But this may not be the time to cut corners, as it comes at the expense of sales and brand metrics. However, now is an ideal time to reduce waste and improve performance with a new approach that drives sales and creates long-term sustainable value.

The pressure to increase efficiency in a shrinking economy usually comes from cutting marketing spend. This is an environment to reduce waste, not spend. Maintaining ad spend and eliminating waste is a winning strategy for marketers, as they can actually increase sales and make exorbitant profits over competitors who roll back their spend.

The Challenges to Overcome

The advertising industry is driven by legacy systems, fragmented point solutions, and heavy service models. This creates an extremely inefficient and unhealthy ecosystem in which most of the spend is wasted on the wrong target audience and on over- or under-exposure of advertisements. This puts the entire industry at risk.

Ads are valued, traded (currency) and optimized based on non-sophisticated and inaccurate metrics such as people exposed within an age and gender cohort versus in-market sales prospects who have a higher probability of converting.

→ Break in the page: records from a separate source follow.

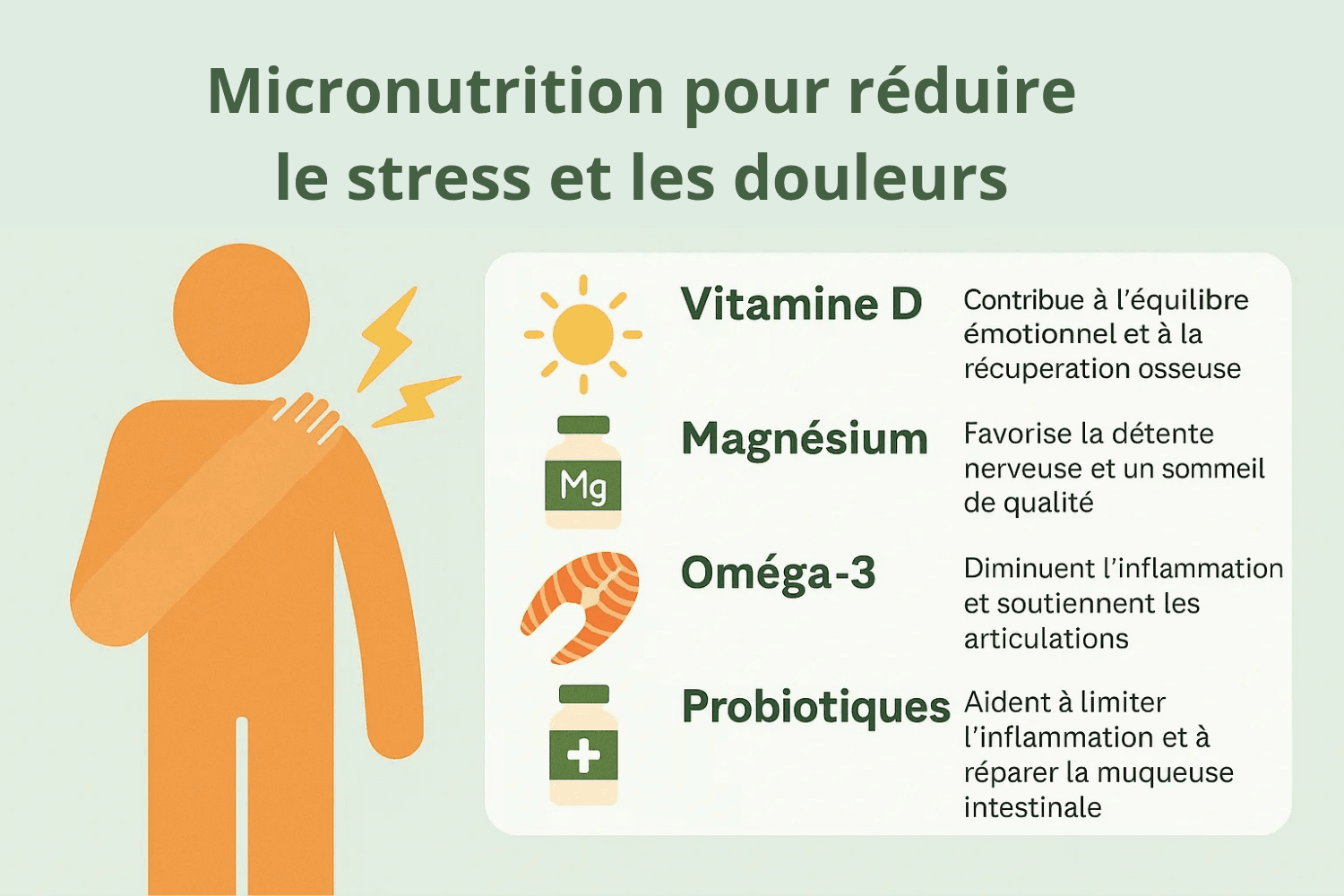 Infographie expliquant comment la micronutrition aide à réduire le stress et les douleurs, avec mise en avant de la vitamine D, du magnésium, des oméga-3 et des probiotiques pour soutenir l’équilibre nerveux, l’inflammation et la récupération musculaire et intestinale.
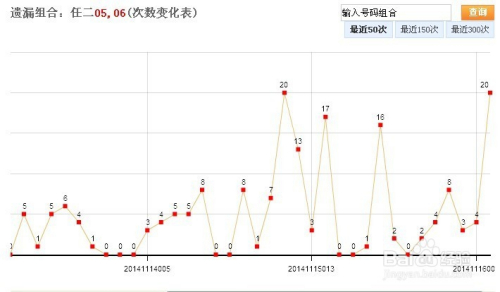 投资者关系 第95页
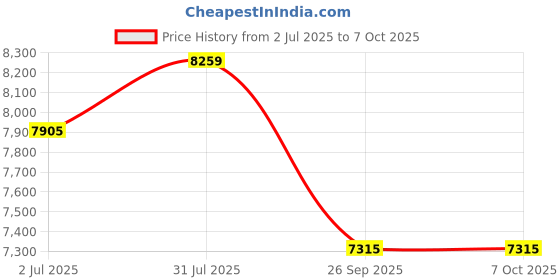 industrybuying.com RS PRO 63 mm HSS Standard Dovetail Cutter 45° 19mm Diameter Model No 5228045 rs pro Price History Graph from 2 Jul 2025 to 6 Oct 2025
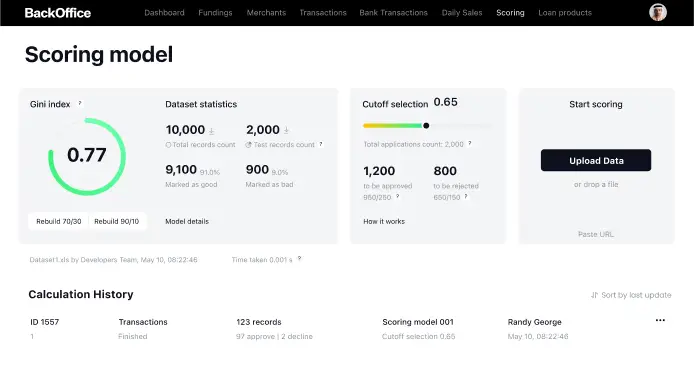 AI Scoring in Islamic Finance Platform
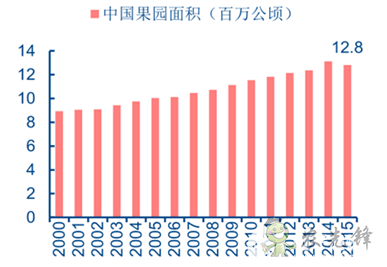 理性分享下的我國農(nóng)業(yè)機器人現(xiàn)狀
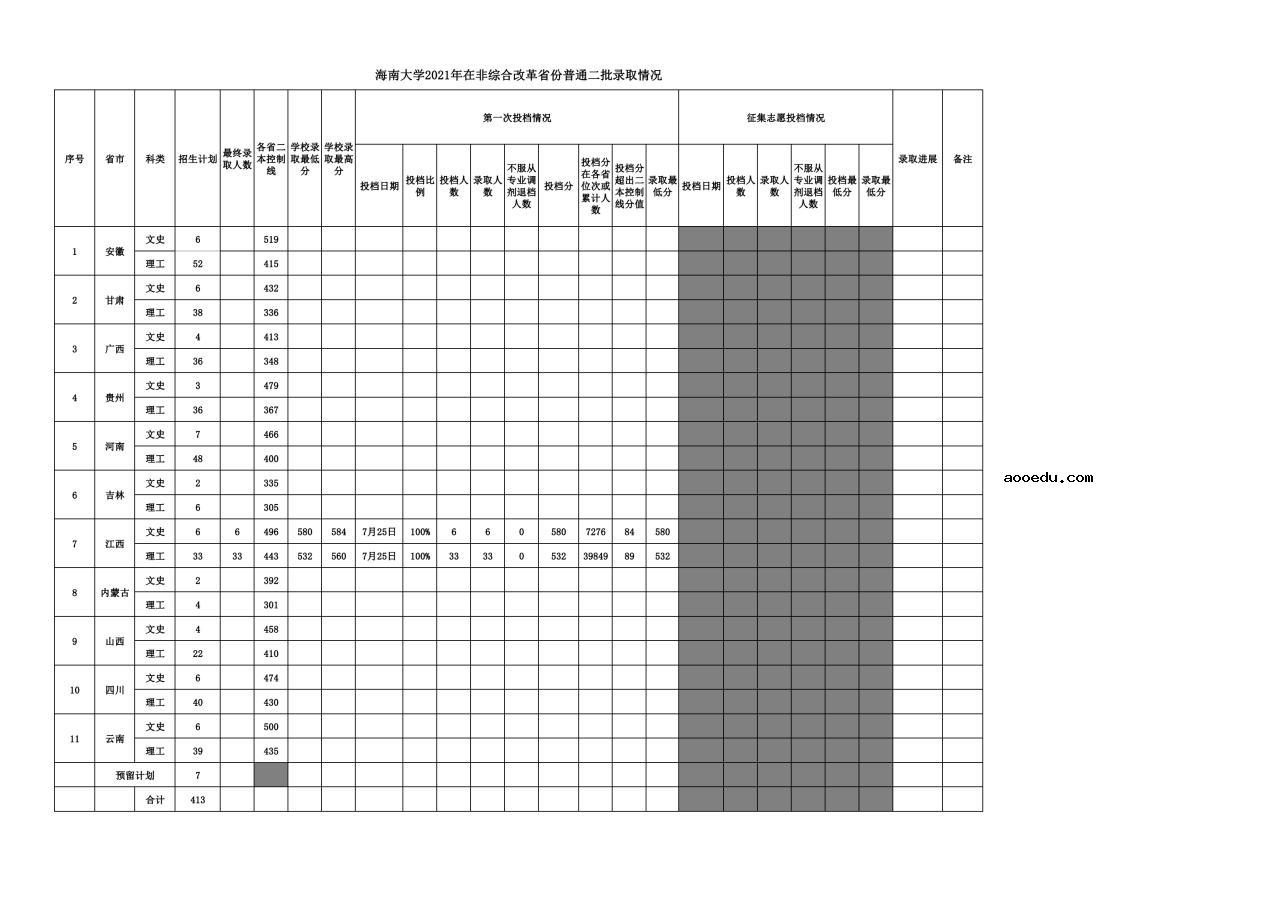 海南大学2021年录取分数线是多少 各批次分数线汇总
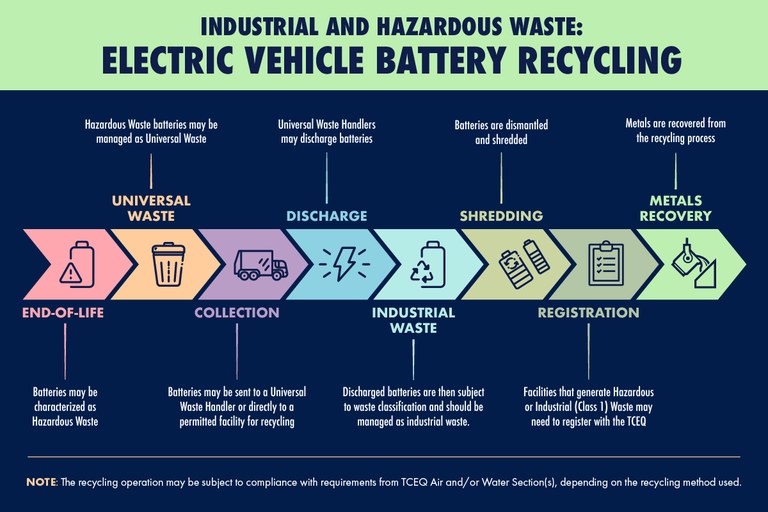 Electric Vehicle Battery Recycling Infographic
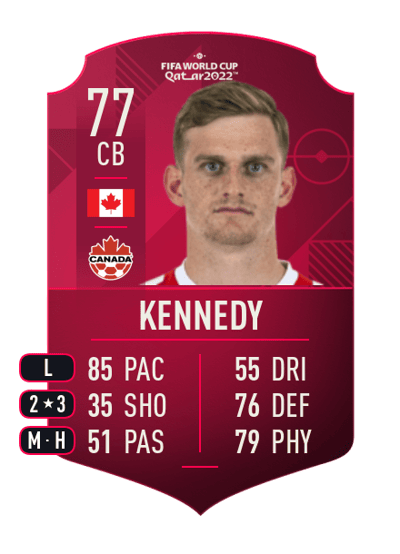 Scott Kennedy World Cup Player 77 OVR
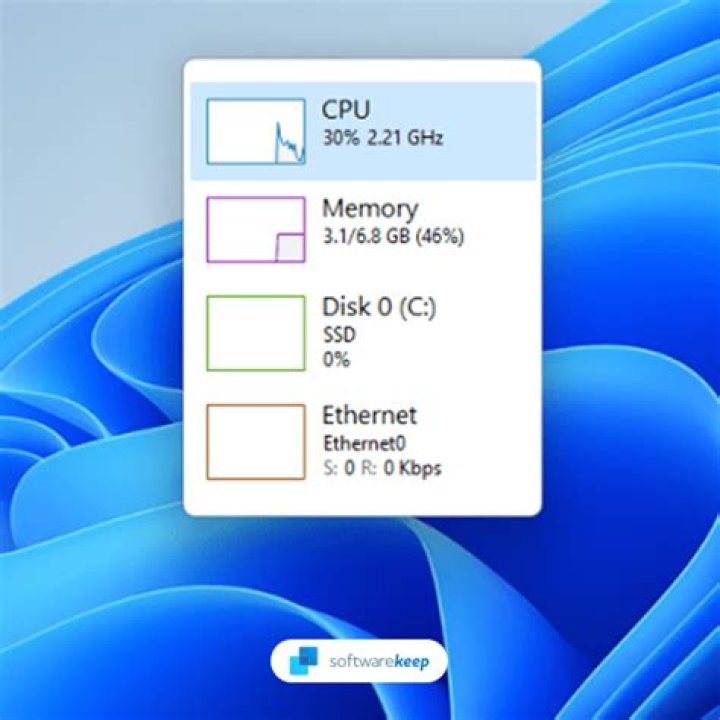 Does Windows 11 consume more RAM?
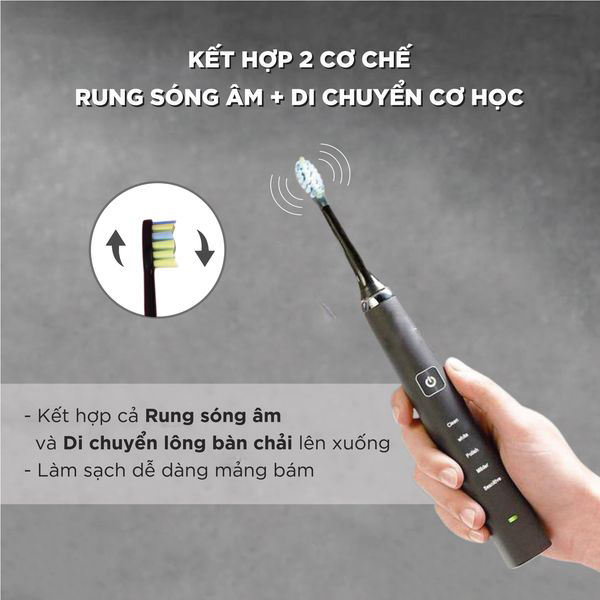 [Quà] Đầu Bàn Chải Điện phù hợp Brushie, Fossio, Sonic AE320, Hangy Đầu bàn chải thay thế các loại bàn chải điện khác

Traditionally, ad measurement has been unable to deduplicate and compare across traditional, digital and streaming platforms, causing waste as consumers see the same ad too often or too little. This makes for a wasteful distribution of delivery where some audiences are overexposed with ads while other valuable prospects don’t get enough exposure to motivate a sale.

Outdated TV currency and metering solutions built on a single panel – separate from big data – are unable to effectively measure streaming audiences, destroying value for TV networks by underrepresenting their growth assets. For advertisers, it means not only admitting that there is a lot of waste within the current system, but also figuring out a way to do something about it.